-- EXERCISE AIM --
Please reproduce the entries below exactly, leaving the pictures out.

-- DATASET RECORDS --
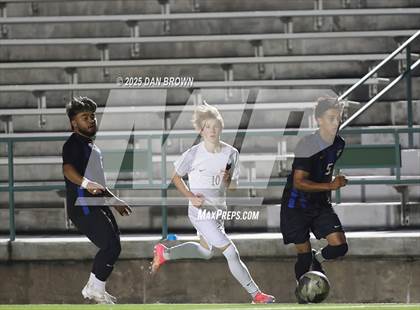 Thumbnail 2 in North Mesquite vs. Heritage (UIL 5A D1 Regional Semis) photogallery.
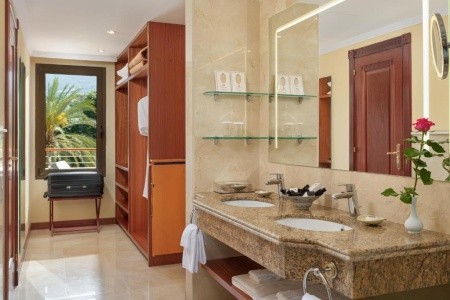 Kanárske ostrovy Tenerife Botánico & The Oriental Spa Garden 8 dňový pobyt Polpenzia Letecky Letisko: Budapešť September 2026 (29/09/26- 6/10/26)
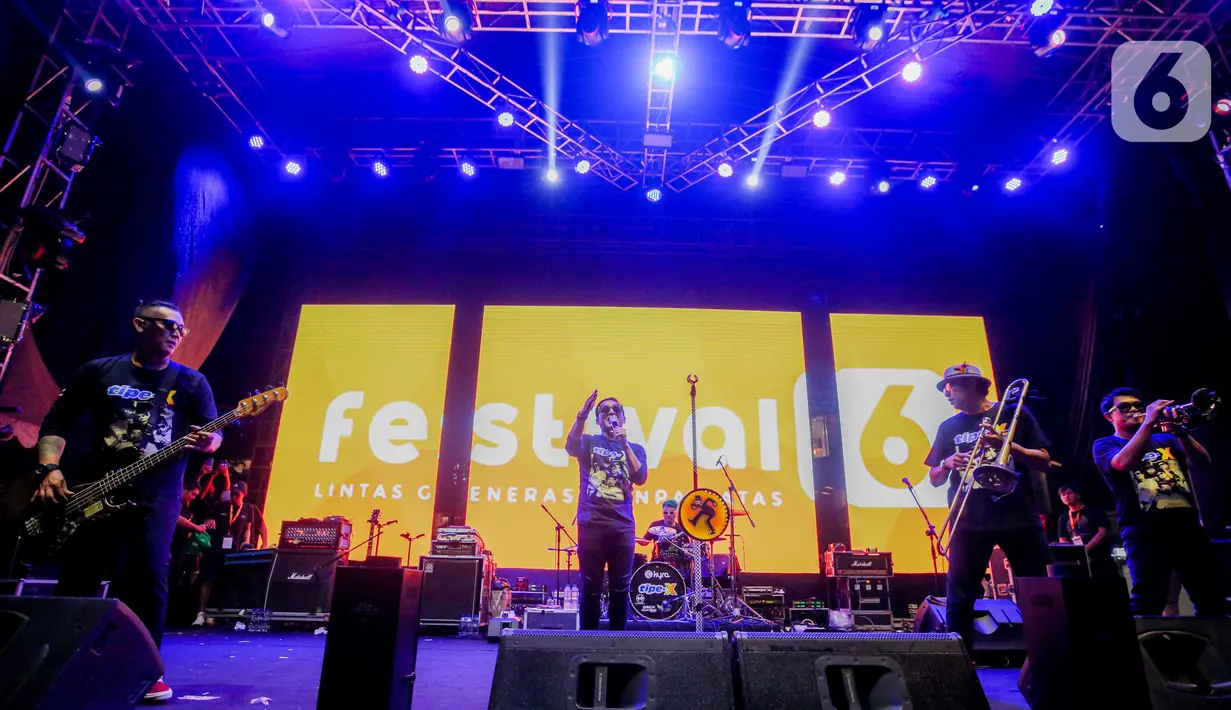 Penampilan Band Tipe X saat hibur penggemar dalam acara "Festival6" di Jakarta, Minggu (9/7/2023). (Liputan6.com/Faizal Fanani)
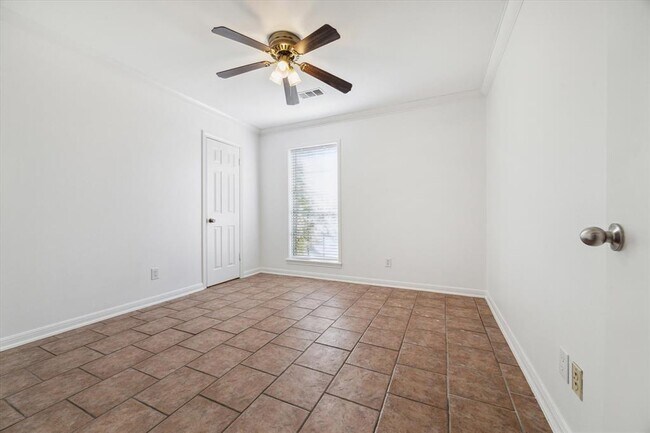 Building Photo - 9018 Langdon Ln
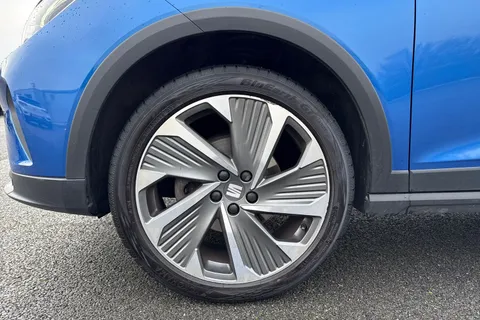 NL22ZJY SEAT Arona 1.5 TSI FR Sport DSG Euro 6 (s/s) 5dr Thumbnail #11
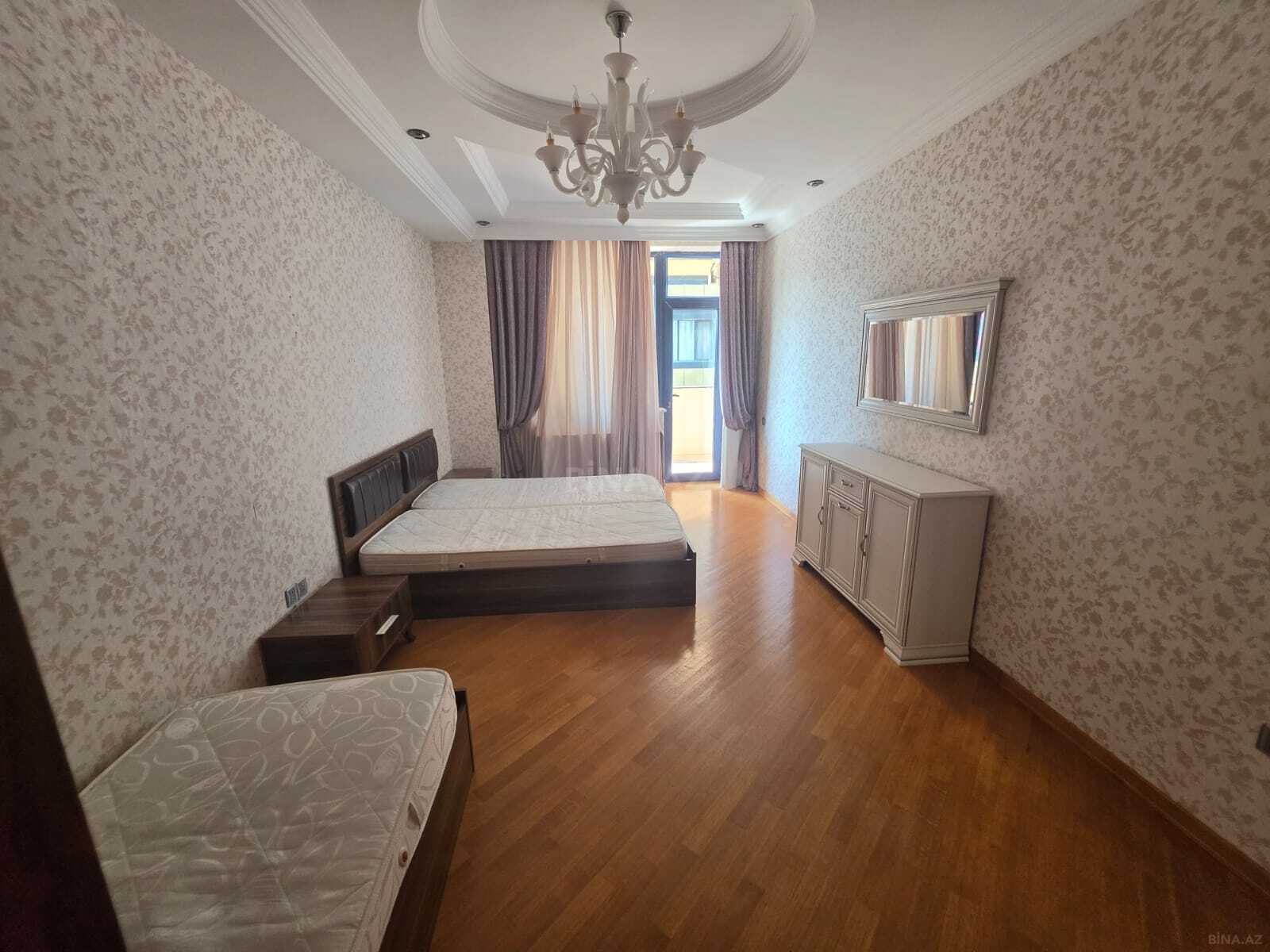3 otaqlı Yeni tikili, Nizami m., Bakı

-- RESPONSE TO THE EXERCISE --
 Thumbnail 2 in North Mesquite vs. Heritage (UIL 5A D1 Regional Semis) photogallery.
 Kanárske ostrovy Tenerife Botánico & The Oriental Spa Garden 8 dňový pobyt Polpenzia Letecky Letisko: Budapešť September 2026 (29/09/26- 6/10/26)
 Penampilan Band Tipe X saat hibur penggemar dalam acara "Festival6" di Jakarta, Minggu (9/7/2023). (Liputan6.com/Faizal Fanani)
 Building Photo - 9018 Langdon Ln
 NL22ZJY SEAT Arona 1.5 TSI FR Sport DSG Euro 6 (s/s) 5dr Thumbnail #11
3 otaqlı Yeni tikili, Nizami m., Bakı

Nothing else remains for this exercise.